:: Data supplied

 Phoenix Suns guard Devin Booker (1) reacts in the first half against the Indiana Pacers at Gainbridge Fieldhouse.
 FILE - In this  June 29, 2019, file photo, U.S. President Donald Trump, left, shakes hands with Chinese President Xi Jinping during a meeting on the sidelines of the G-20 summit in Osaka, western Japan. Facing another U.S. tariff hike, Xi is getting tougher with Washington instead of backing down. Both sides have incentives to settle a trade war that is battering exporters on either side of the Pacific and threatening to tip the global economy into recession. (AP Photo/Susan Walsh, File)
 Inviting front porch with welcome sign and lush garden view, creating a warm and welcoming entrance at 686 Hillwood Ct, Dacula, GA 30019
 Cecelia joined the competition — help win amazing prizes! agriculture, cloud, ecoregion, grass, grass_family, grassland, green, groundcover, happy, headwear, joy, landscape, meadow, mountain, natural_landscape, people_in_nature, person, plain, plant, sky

::::
:: Data supplied

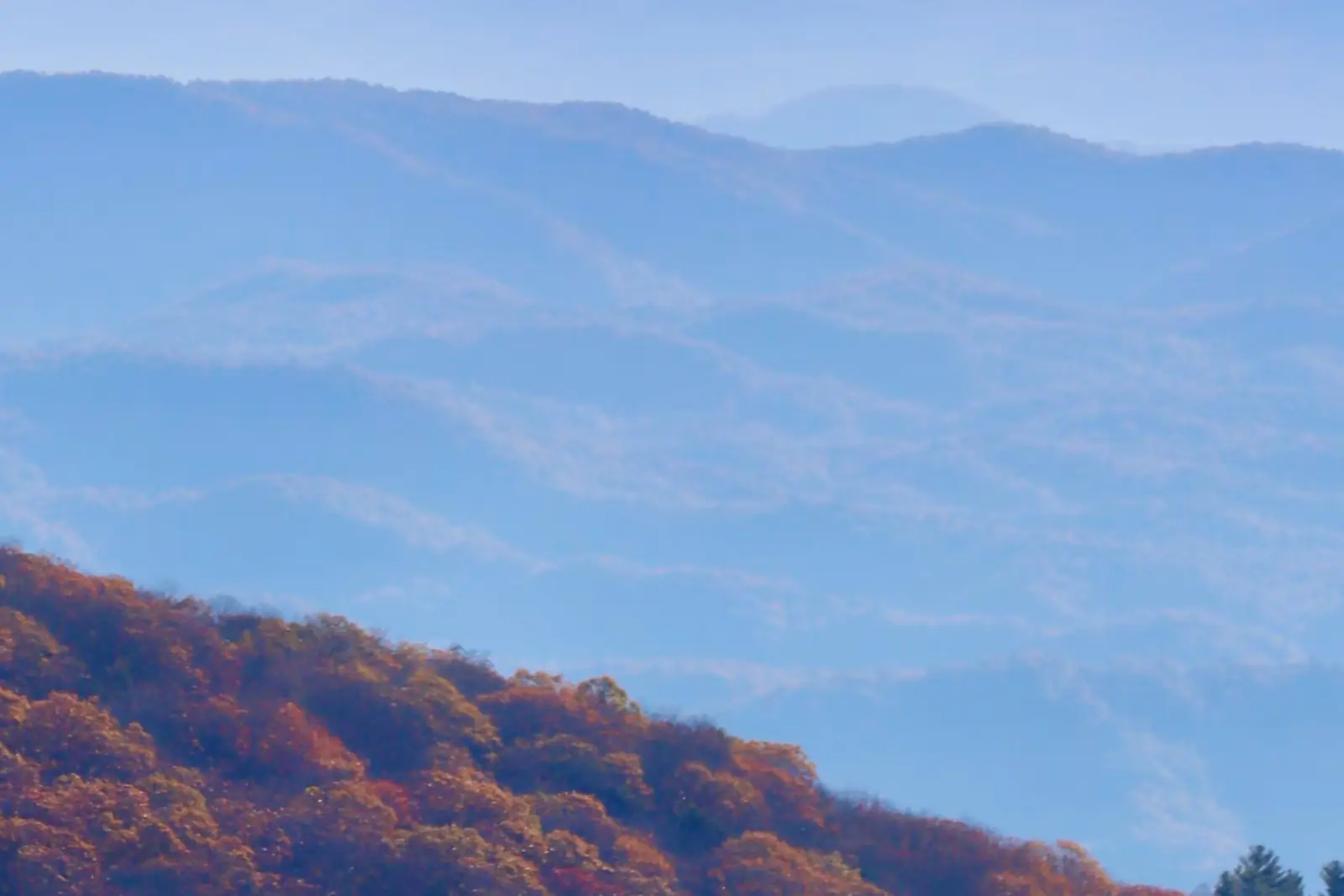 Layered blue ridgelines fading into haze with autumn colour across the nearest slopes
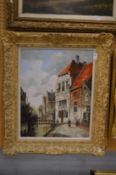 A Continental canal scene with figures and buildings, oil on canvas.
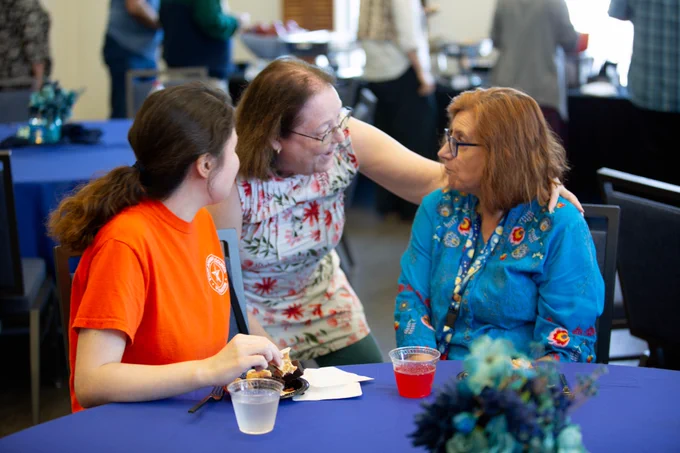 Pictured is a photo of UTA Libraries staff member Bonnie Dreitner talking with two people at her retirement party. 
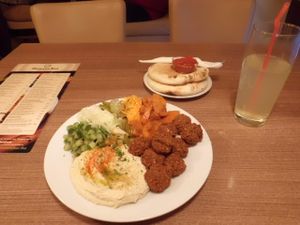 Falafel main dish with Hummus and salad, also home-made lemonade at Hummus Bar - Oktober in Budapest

::::
:: Data supplied

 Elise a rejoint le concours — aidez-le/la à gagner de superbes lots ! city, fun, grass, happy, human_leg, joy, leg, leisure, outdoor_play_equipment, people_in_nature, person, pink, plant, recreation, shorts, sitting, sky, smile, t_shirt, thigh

::::

**Required work:** Pictures in the entries do not go into the copy. Print only the lines starting at the one containing "A Continental canal" and ending at the one containing "Pictured is a", exactly as they appear.

**Response to the task:**
 A Continental canal scene with figures and buildings, oil on canvas.
 Pictured is a photo of UTA Libraries staff member Bonnie Dreitner talking with two people at her retirement party. 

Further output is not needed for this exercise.